"Bobby Jindal's plan to sell the Office of Group Benefits could jeopardize the quality of health care received by more than 250,000 active and retired Louisiana workers and their dependents," Leach said in a statement. "OGB does not cost taxpayers a dime to run and selling it will not save the state of Louisiana any money."
As TPM has reported, the Jindal administration has been quietly exploring a possible sale of OGB. The governor's budget proposal touted the plan by noting that it would eliminate 149 jobs and generate "recurring savings of $10.2 million." But critics charge that the move could cost state employees and taxpayers money in the long-run, in the form of reduced benefits and increased premiums. And they say Jindal -- who is facing a $1.6 billion budget hole -- is after part of the OGB's half billion dollar surplus.
Current Louisiana law prohibits the surplus from being used for "cash flow purposes." But a new bill written by Louisiana House Appropriations Committee Chairman Jim Fannin (D) contains language that appears to override that law and allow the proceeds of the sale of OGB, which could include the surplus, to go to the state. In his statement, Leach said Jindal "would love to get his hands" on the surplus.

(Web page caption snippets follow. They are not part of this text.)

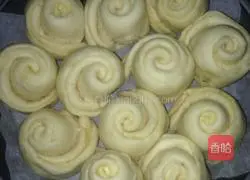 Rose bread recipe illustration 9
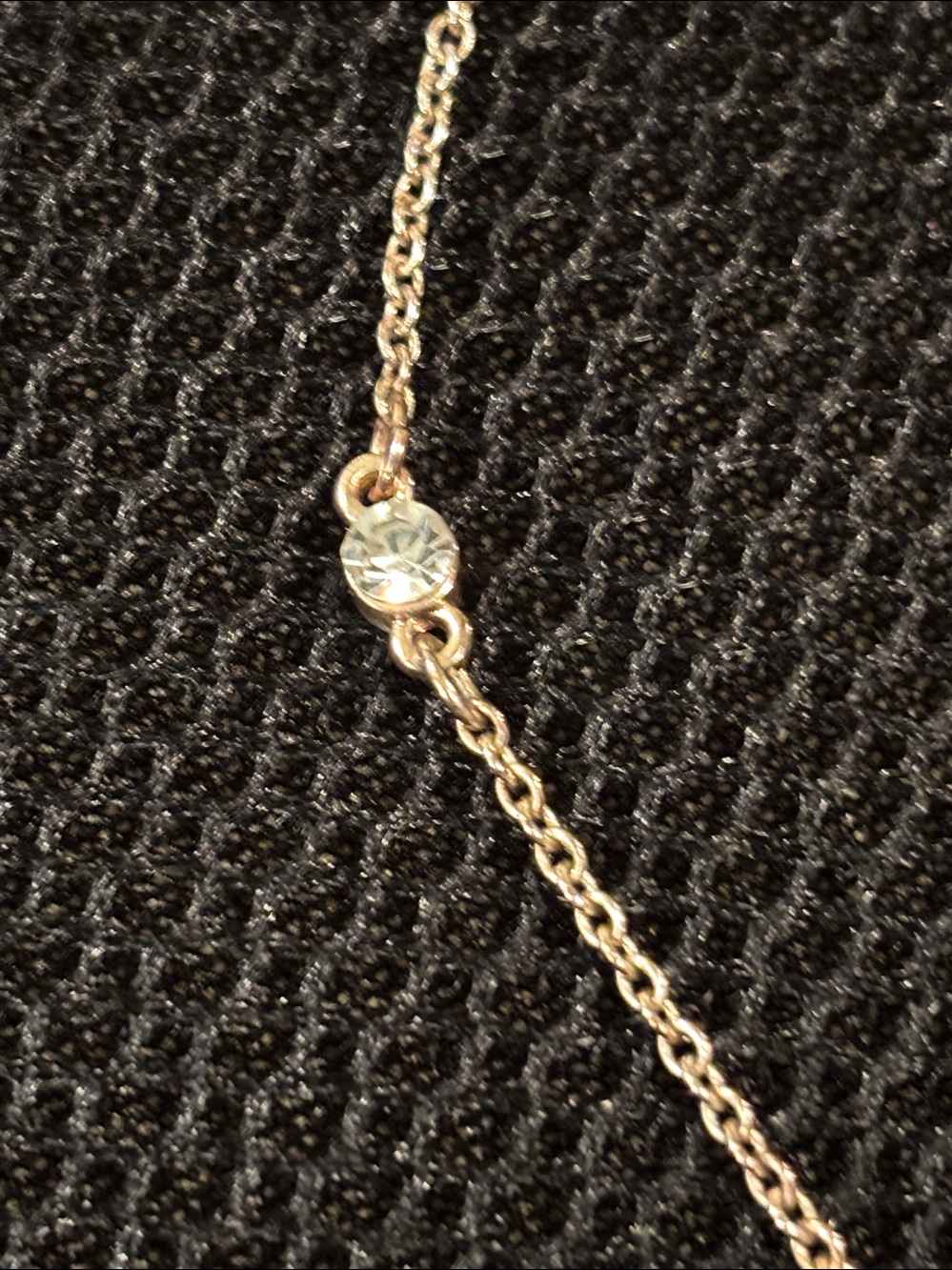Guess Delicate Rose Gold Filigree Pendant Necklace and Rose Gold Earrings - Picture 10 of 12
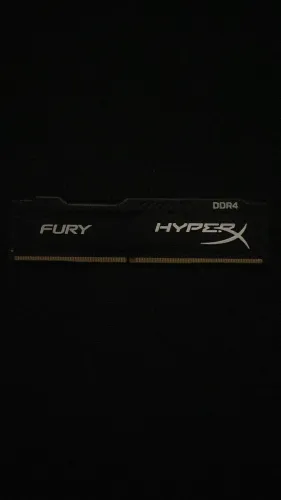 ?Memória RAM Hyperx Fury DDR4- 8gb 2400mhz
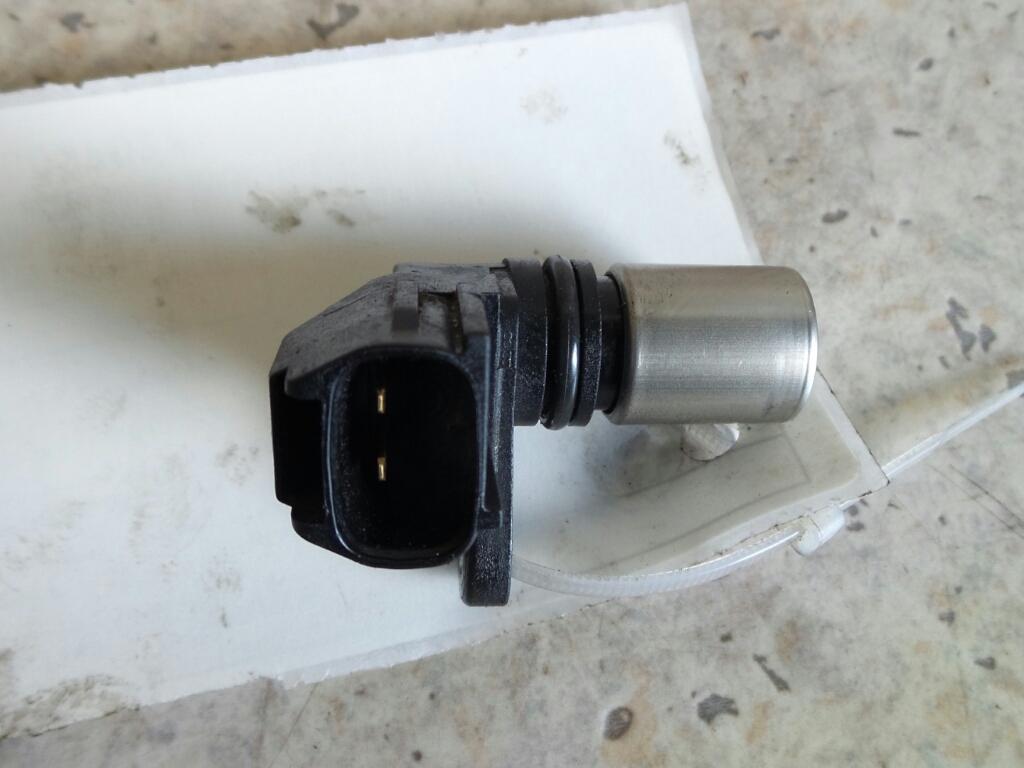 View Auto part Crank/Cam Sensor Toyota Hiace 2010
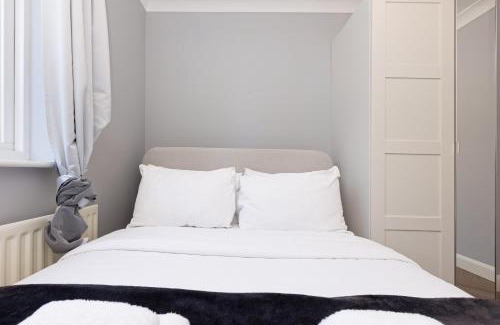Wapping Apartment | 4BR 4-floor house, w patio, 10 min Wapping Station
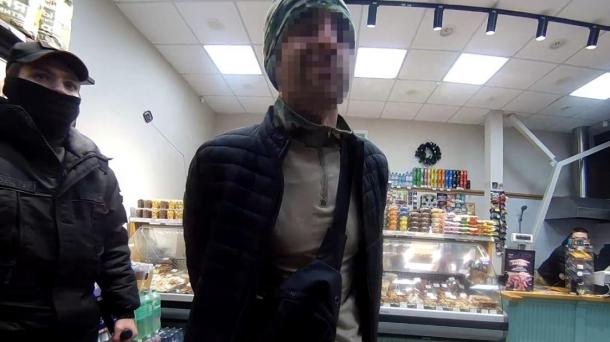«Россия всё простит!»: новосибирец с битой разгромил магазин, преследуя подростков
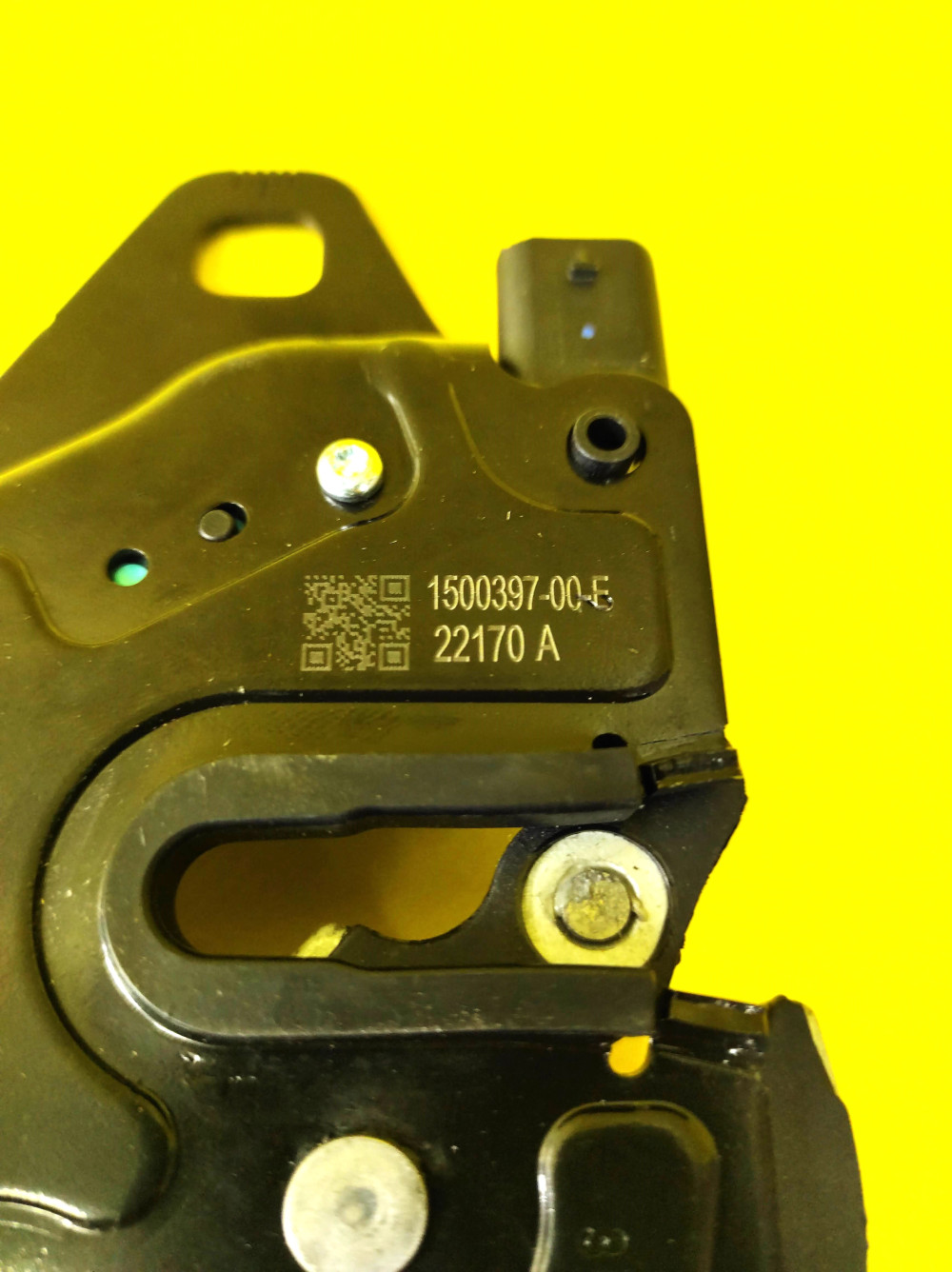 Tesla Model 3 2017-2023, 3 Highland, Y 2020-2025, Y Juniper, S Palladium 2021-2025, X Palladium 2021-2025 Hood Lock Latch OEM (new) 1500397-00-E  Photo №2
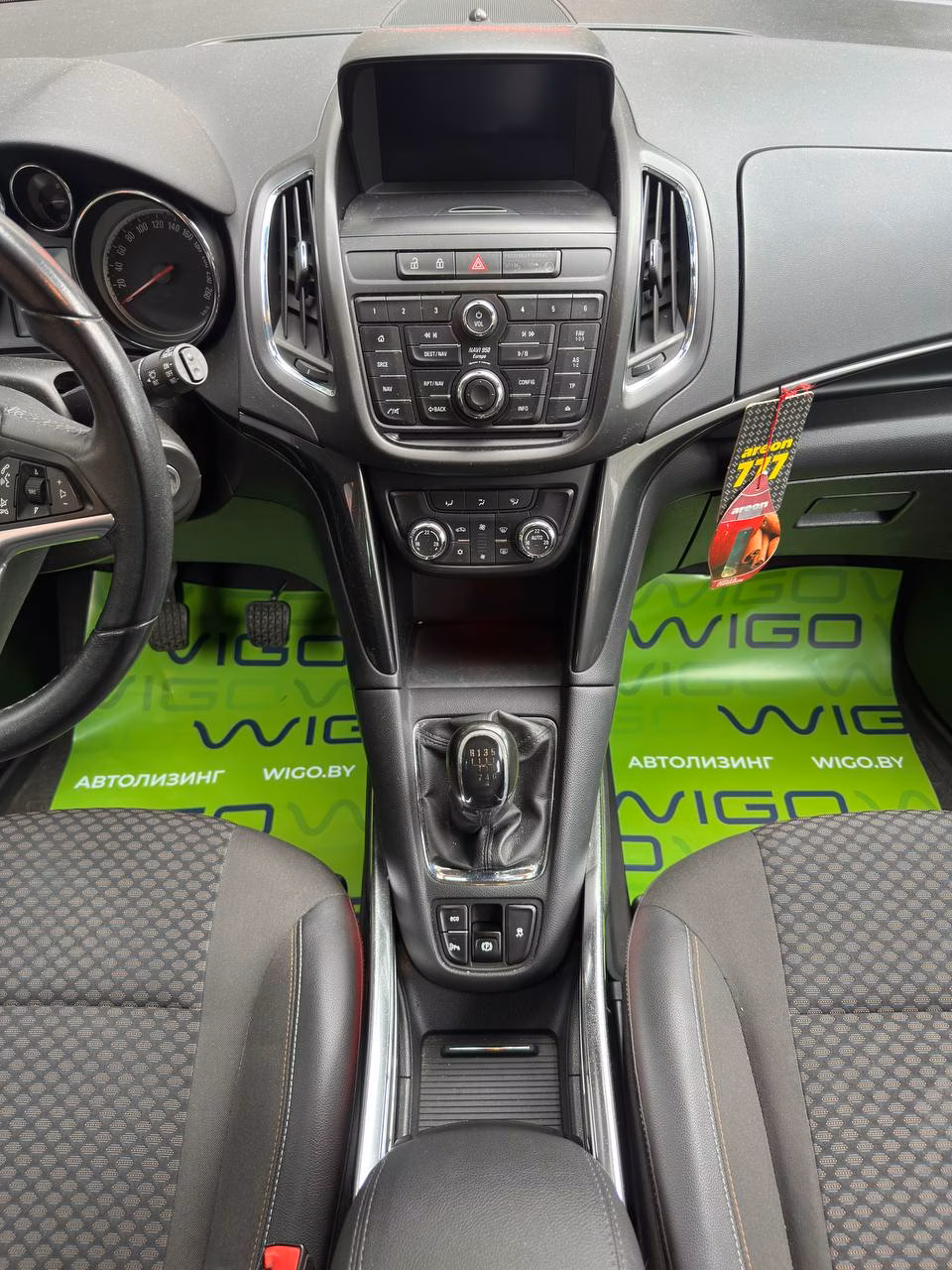 Opel Zafira фото 14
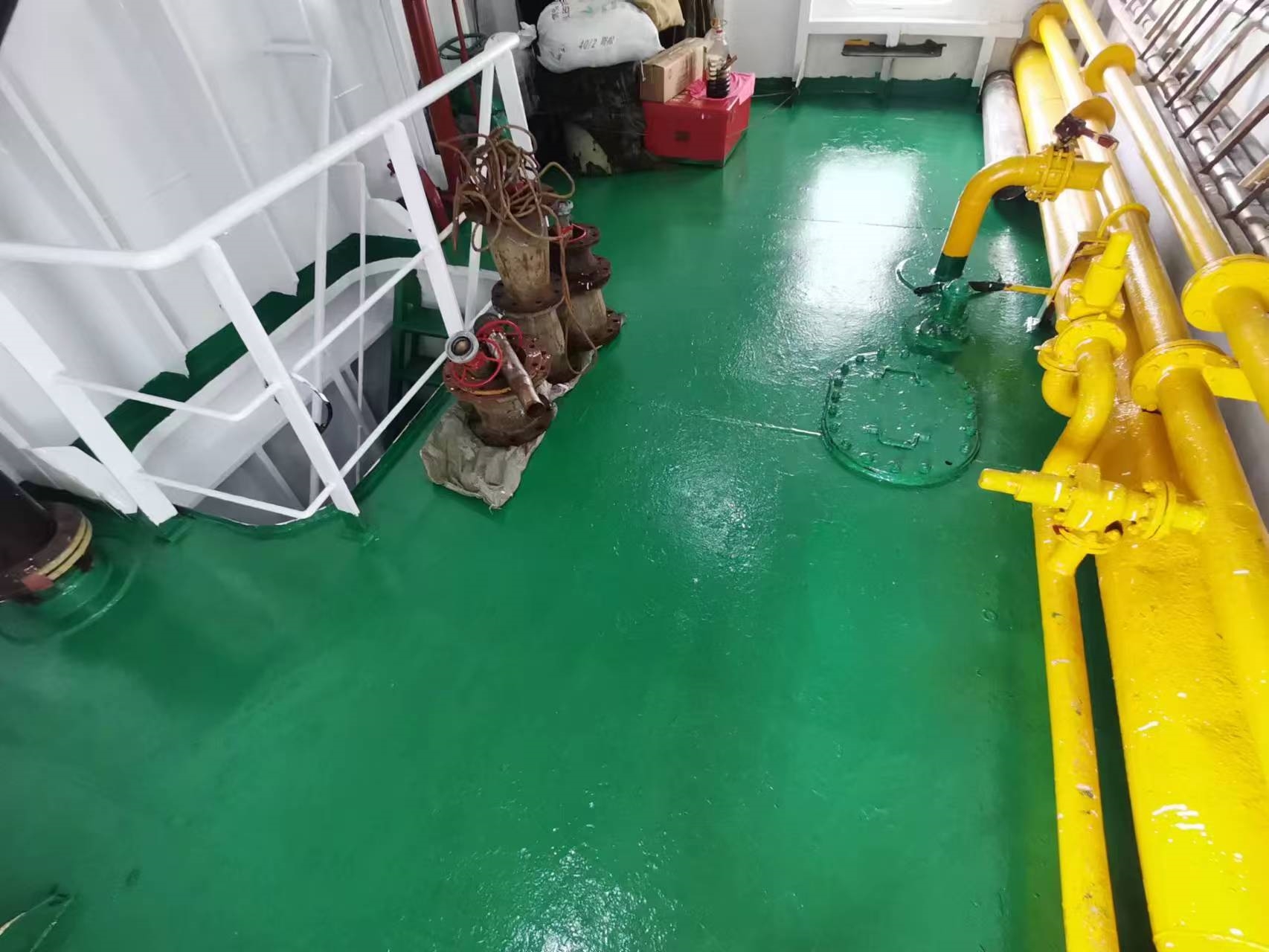 出售6691吨成品油船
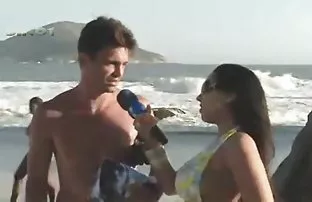 XXX అందం ప్రదర్శించారు ఒక లోతైన Blowjob కొత్త లవర్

"The only folks likely to benefit from the sale of OGB are the big Wall Street corporations like Goldman Sachs who want to turn it into a profit making venture and Bobby Jindal, who would love to get his hands on the office's half billion dollar reserve fund," Leach said. "Louisiana Democrats oppose Jindal's destructive plan to privatize OGB and I will call on Democrats in the legislature to oppose it."